Те, кто ищет в политике императрицы признаки «прогрессивного» движения к демократии, просто плутают в лесу. Неудивительно, что, измотавшись как следует, покусанные комарами и изъеденные клещами, они обвиняют Екатерину в лицемерии. Не менее тупиковым представляется мне путь тех исследователей, кто приписывает кондициям верховников 1730 года или так называемой «конституции» Никиты Панина середины 60-х годов XVIII века революционное значение. Ограничение самодержавия аристократическим советом едва ли облагородило бы здание русской государственности, скорее приблизило бы страну к хаосу Польши. Такой аристократический совет был призван легитимировать случайно приобретенное влияние отдельных лиц и превратить его в охраняемый законом институциональный статус. Это все равно что наемный топ-менеджмент компании вдруг захотел бы обладать ею по частям и заставил бы собственника подписать соответствующие бумаги. Очевидно, что тогдашние собственники ЗАО «Российская империя», столкнувшиеся с «конституционными» проектами своих топ-менеджеров, были совершенно не готовы расставаться ни с властью, ни с собственностью. Анна Ивановна порвала кондиции и забыла о них. Екатерина же, не отдаляя Панина, игнорировала его мнение как малосущественное.

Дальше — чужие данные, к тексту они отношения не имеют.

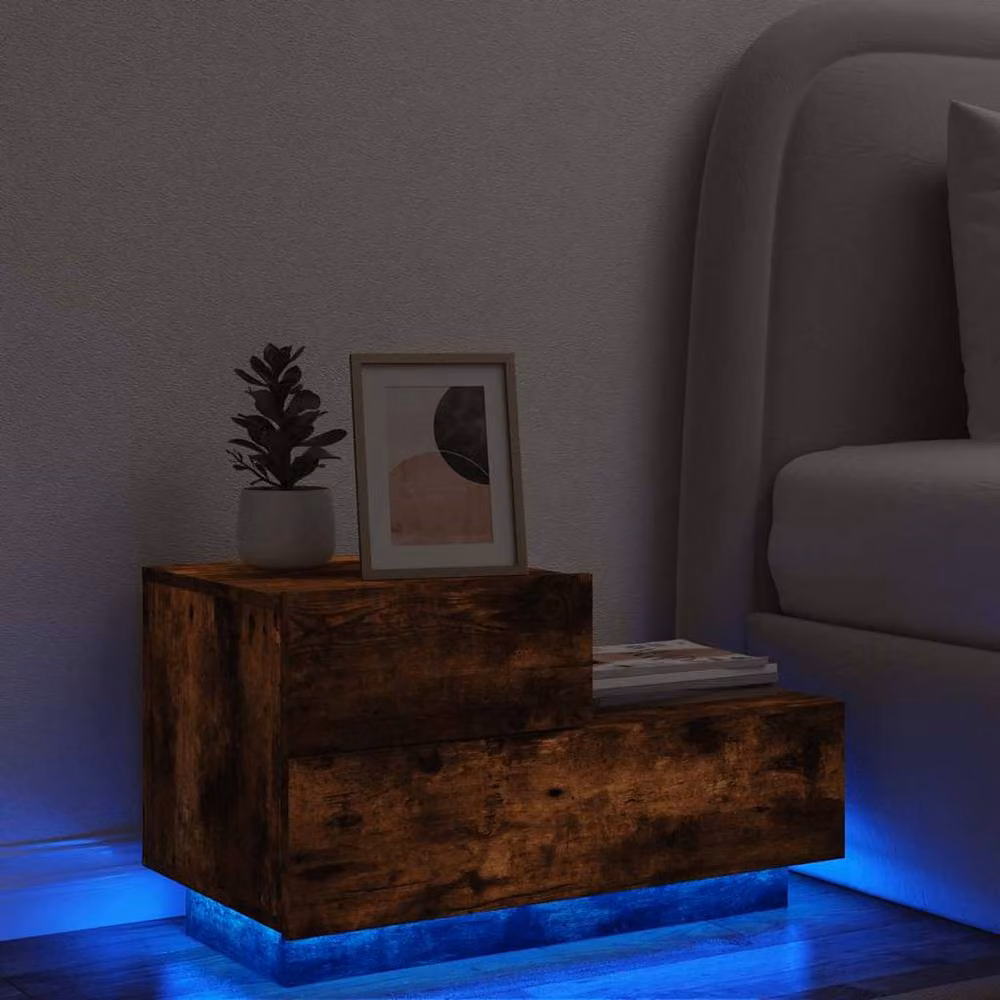 Berkfield Home Decorative Bedside Cabinet with Integrated LED Lights, Smoked Oak, Brown, W: 70 cm, D: 36 cm, H: 40.5 cm – 2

Она, очевидно, пыталась найти свой путь между деспотией, олигархией и демократией, которые считала одинаково негодными формами правления. Фактически Екатерина впервые в русской истории попыталась осознать особенность русской ситуации. Ход истории действительно передал в руки российских правителей беспрецедентные ресурсы, которые обеспечивали их полную автономию от народа. В то же время страна, ее элита, очевидно, стремились стать европейскими. В первой же главе своего «Наказа» 1767 года Екатерина безапелляционно провозглашает: «Россия есть Европейская держава». Для императрицы это была и данность, и цель. Страна, прорубившая окно в Европу, нуждалась в дальнейшей трансформации в соответствии с требованиями современной европейской политической мысли. Екатерининская революция, которая начиналась как национально-освободительная, постепенно перетекла в антидеспотическую.

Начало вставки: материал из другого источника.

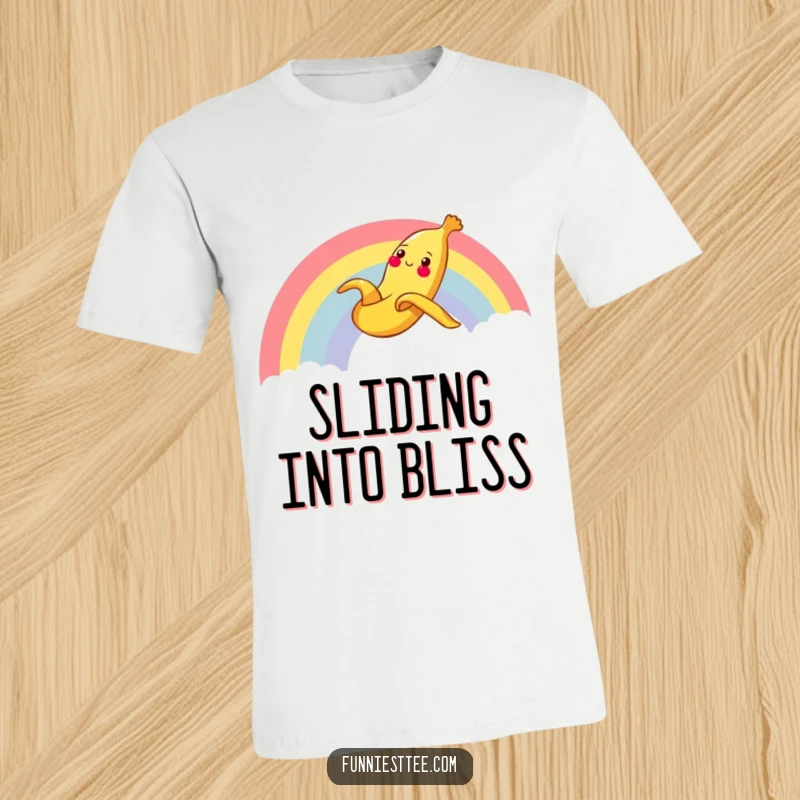 Funny Banana Rainbow T-Shirt displaying a cheerful banana peel sliding gleefully down a rainbow, designed for comfort and vibrant style.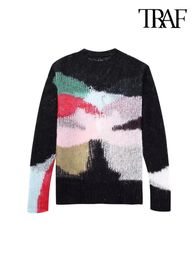 Women's Sweaters TRAF Women Fashion Colour Block Open Knit Sweater Sexy O Neck Long Sleeve Female Pullovers Chic Tops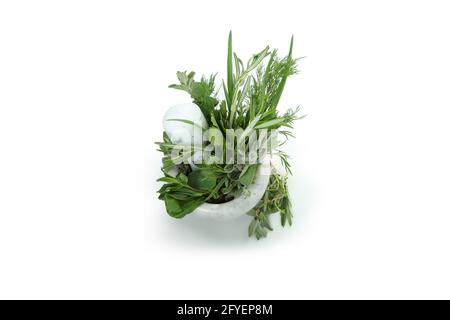 Mortar with herbs isolated on white background Stock Photo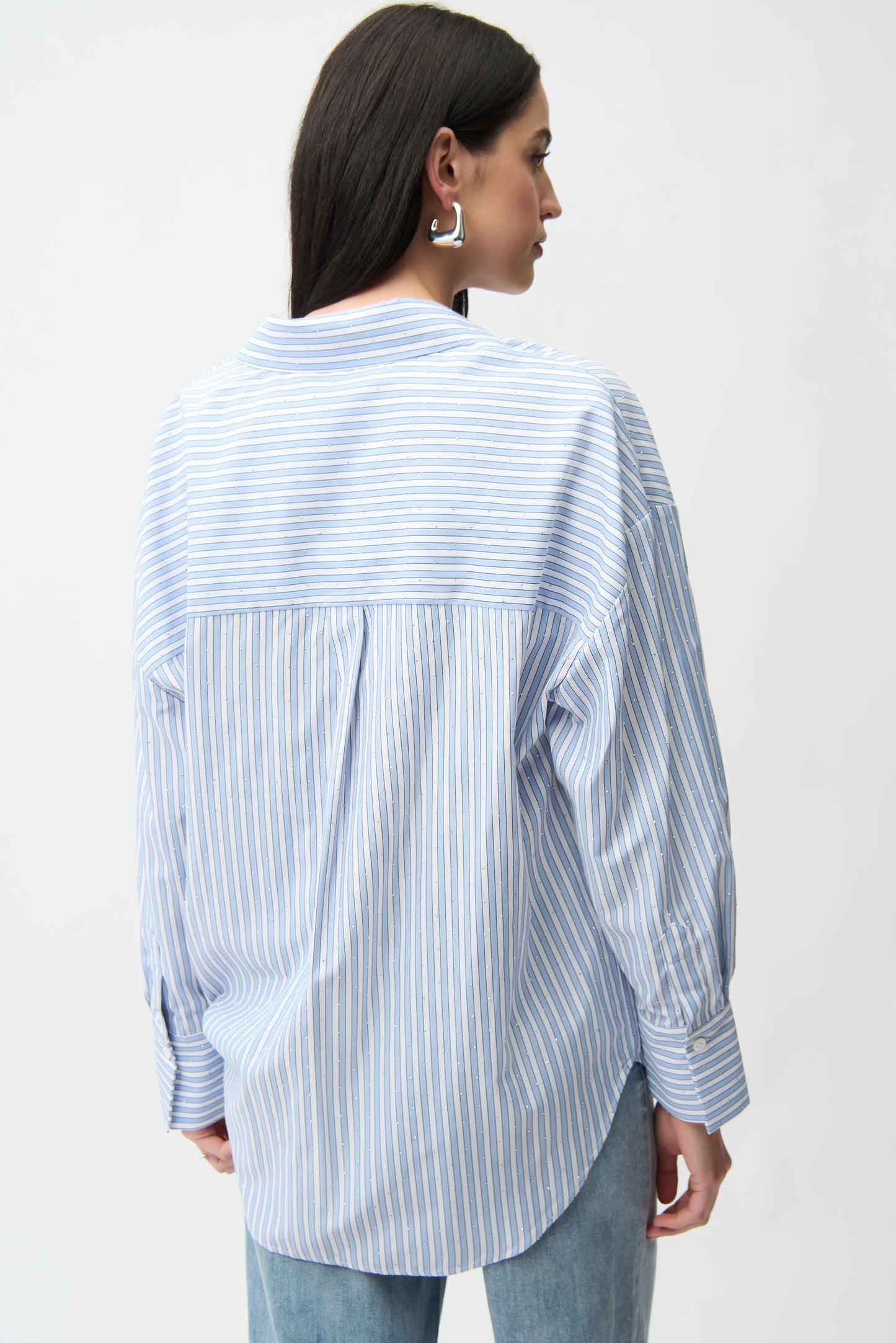 TENCEL STRIPE PRINT BOXY BLOUSE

Мыслить гуманно и как люди
В поисках образа недеспотической России императрицу ожидали горькие разочарования. Так, анализируя дискуссии в Уложенной комиссии по поводу крепостного права Екатерина пишет: «Предрасположение к деспотизму… прививается с самого раннего возраста к детям, которые видят, с какой жестокостью их родители обращаются со своими слугами. Ведь нет дома, в котором не было бы железных ошейников, цепей и разных других инструментов для пытки при малейшей провинности тех, кого природа поместила в этот несчастный класс, которому нельзя разбить свои цепи без преступления. Едва посмеешь сказать, что они такие же люди, как мы, и даже когда я сама это говорю, я рискую тем, что в меня станут бросать каменьями; чего я только не выстрадала от этого безрассудного и жестокого общества, когда в комиссии для составления нового Уложения стали обсуждать некоторые вопросы, относящиеся к этому предмету, и когда невежественные дворяне, число которых было неизмеримо больше, чем я могла когда-либо представить… стали догадываться, что эти вопросы могут привести к некоторому улучшению в настоящем положении земледельцев, разве мы не видели, как даже граф Александр Сергеевич Строганов, человек самый мягкий и, в сущности, самый гуманный… с негодованием и страстью защищал дело рабства… Я думаю, не было и двадцати человек, которые по этому предмету мыслили гуманно и как люди… Я думаю, мало людей в России даже подозревали, чтобы для слуг существовало другое состояние, кроме рабства».
От этих слов Екатерины веет безнадежностью и апатией. Но деспотизм, как она выяснит, – не только порождение господ, он коренится в качествах самого народа: «Неудивительно, что в России было среди государей много тиранов. Народ от природы беспокоен, неблагодарен и полон доносчиков и людей, которые под предлогом усердия ищут лишь, как обратить в свою пользу все подходящее… Человек, не имеющий воспитания, в подобном случае будет или слабым, или тираном, по мере его ума».